╔══

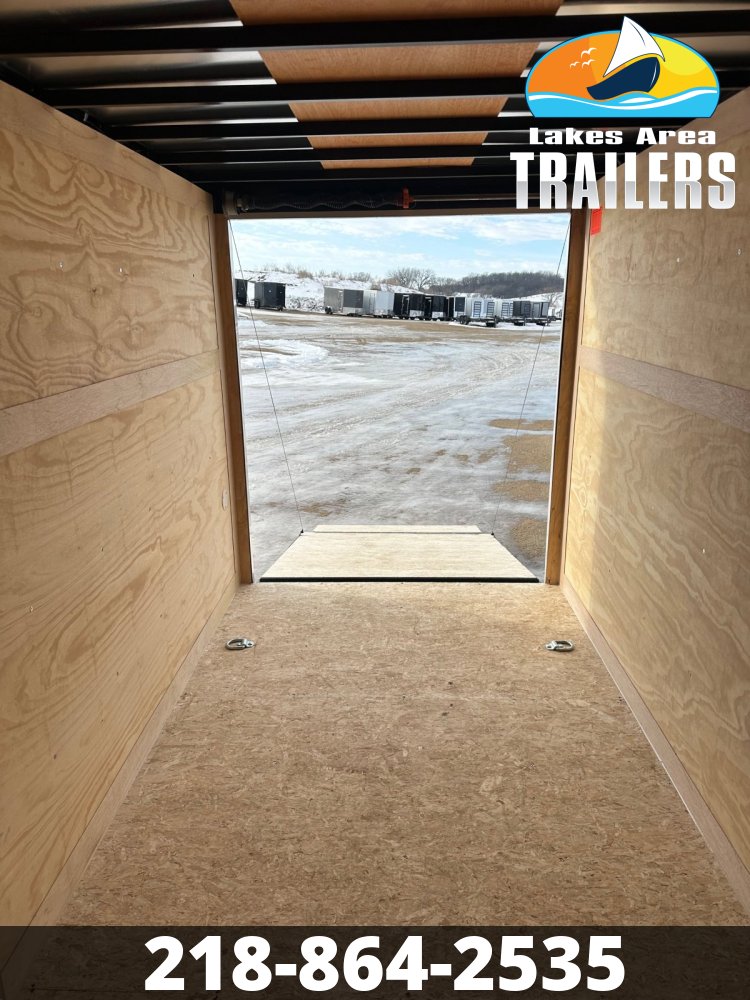 2026 CROSS 6X12 BETA WHITE ENCLOSED TRAILER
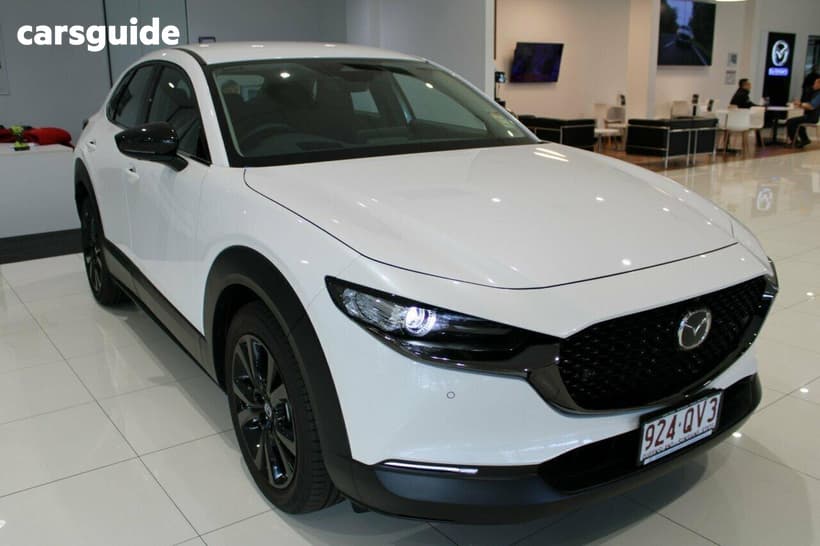 White 2025 Mazda CX-30 Wagon G20 Touring Le Vision (Fwd)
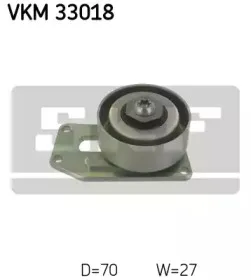 VKM 33018 SKF Натяжной ролик, поликлиновойремень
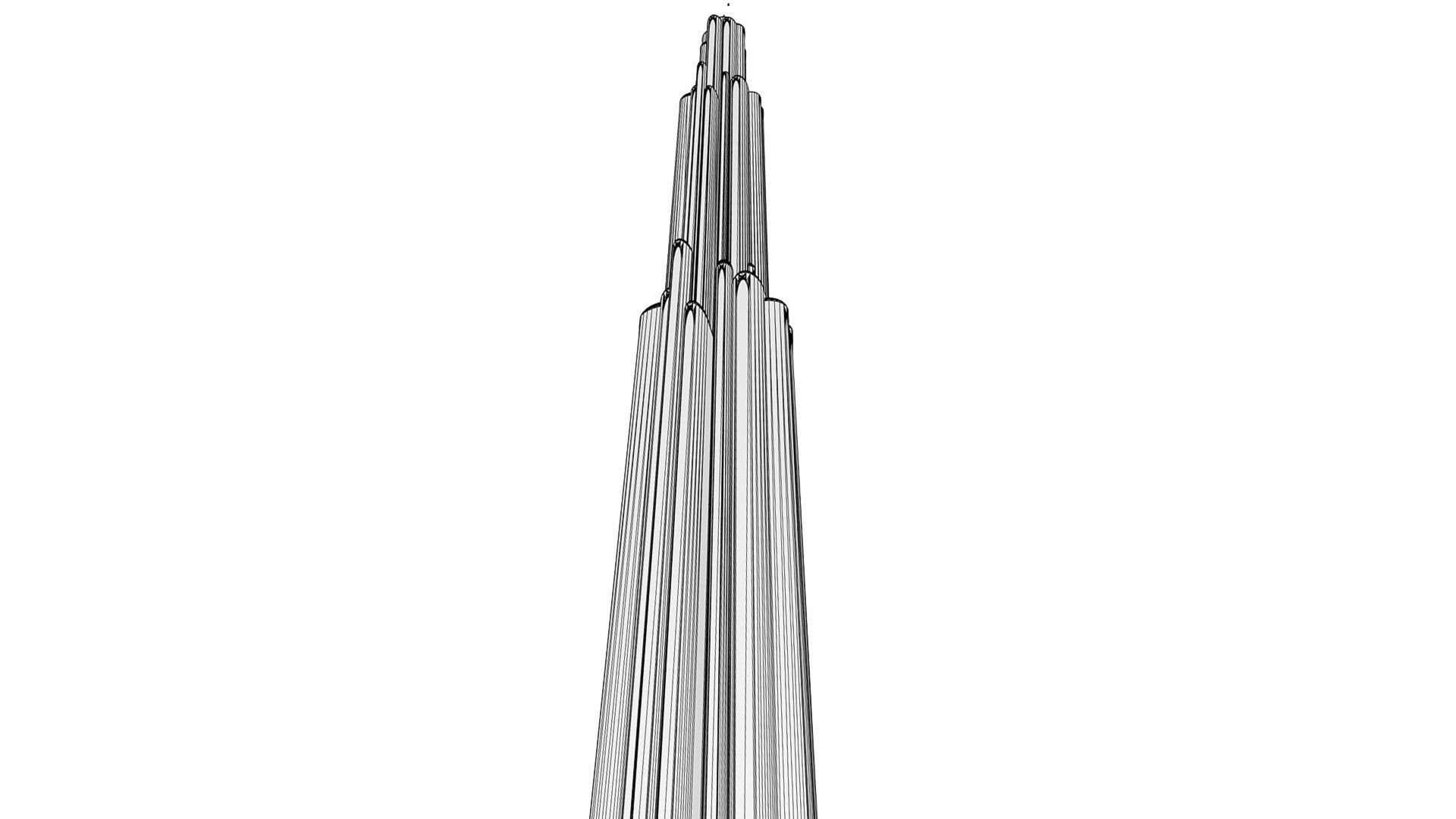 SciFi Building 8 Low-poly 3D model_10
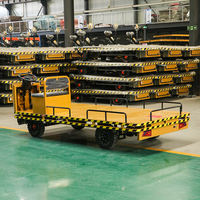 Plataforma Eléctrica Industrial de Hierro, Carretilla de Carga de Cuatro Ruedas con Capacidad de 1500 kg, Camión de Plataforma Plana para Carga y Descarga en Obras de Construcción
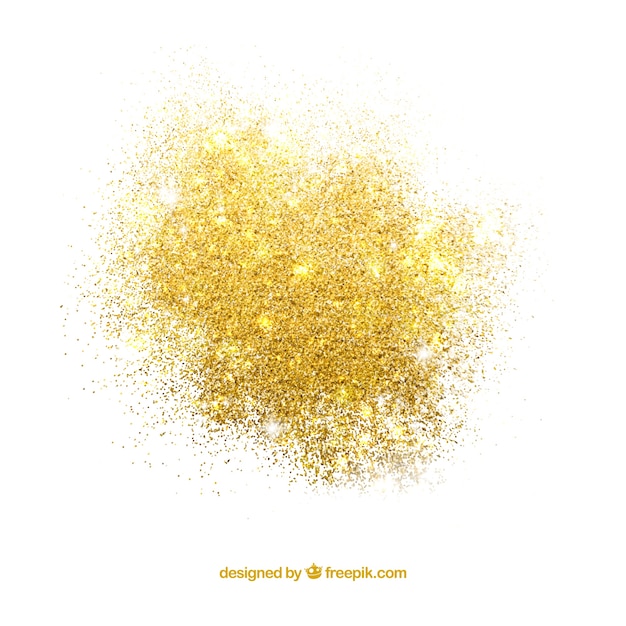 Pile of glitter in golden style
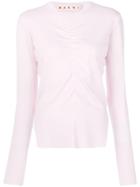 Marni Gathered Detail Jumper - Pink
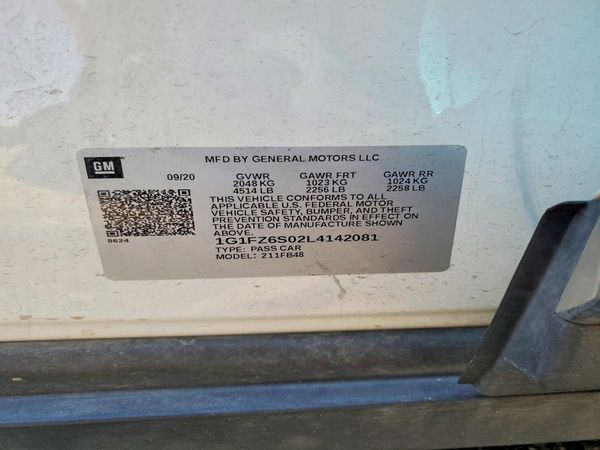 2020 CHEVROLET BOLT EV Premier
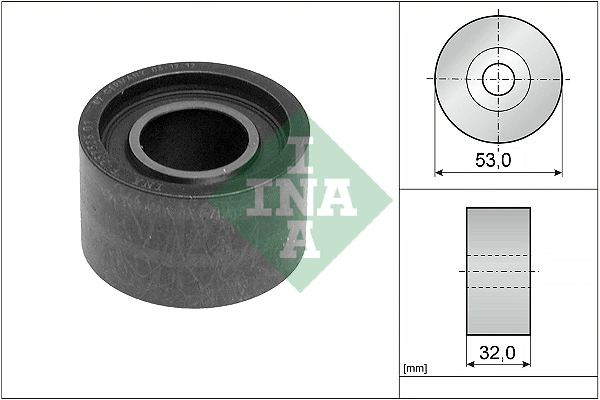 Seade-/juhtrull, hammasrihm Schaeffler INA 532 0225 10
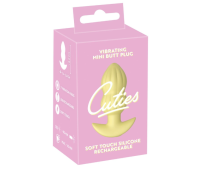 Анальная пробка с вибрацией Vibrating Mini Butt Plug Yellow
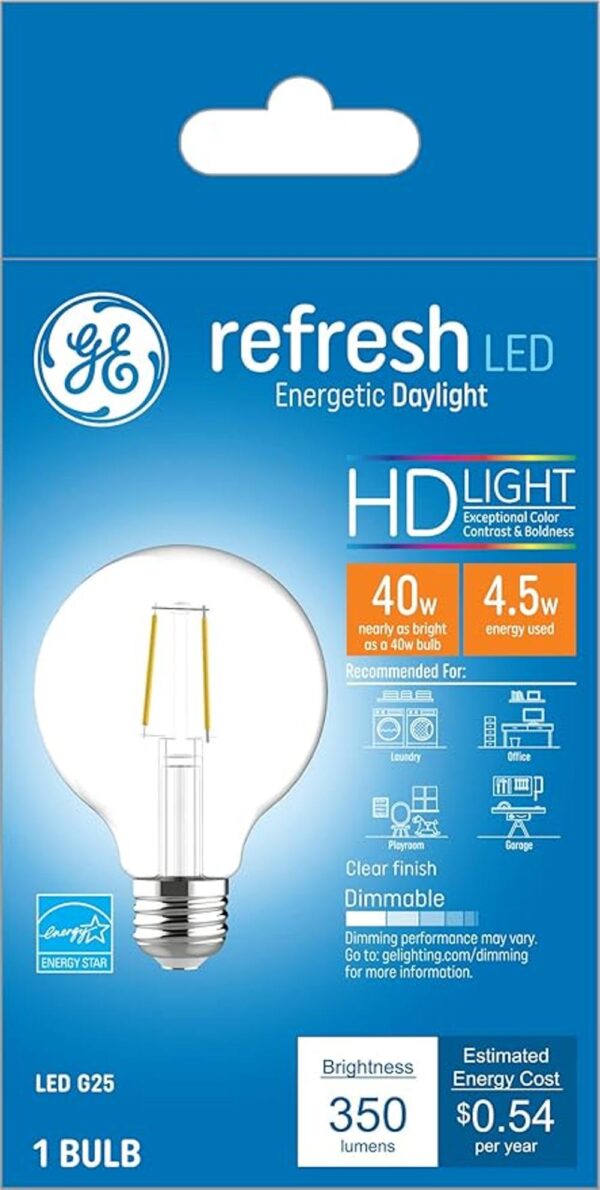 GE Refresh Bombillas LED de globo 4.5 vatios_1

╚══

- Your assignment
Only the lines from the one with "VKM 33018 SKF" through the end of the data, both ends included, should be written out exactly, and no pictures should appear.

- Task response
 VKM 33018 SKF Натяжной ролик, поликлиновойремень
 SciFi Building 8 Low-poly 3D model_10
 Plataforma Eléctrica Industrial de Hierro, Carretilla de Carga de Cuatro Ruedas con Capacidad de 1500 kg, Camión de Plataforma Plana para Carga y Descarga en Obras de Construcción
 Pile of glitter in golden style
 Marni Gathered Detail Jumper - Pink
 2020 CHEVROLET BOLT EV Premier
 Seade-/juhtrull, hammasrihm Schaeffler INA 532 0225 10
 Анальная пробка с вибрацией Vibrating Mini Butt Plug Yellow
 GE Refresh Bombillas LED de globo 4.5 vatios_1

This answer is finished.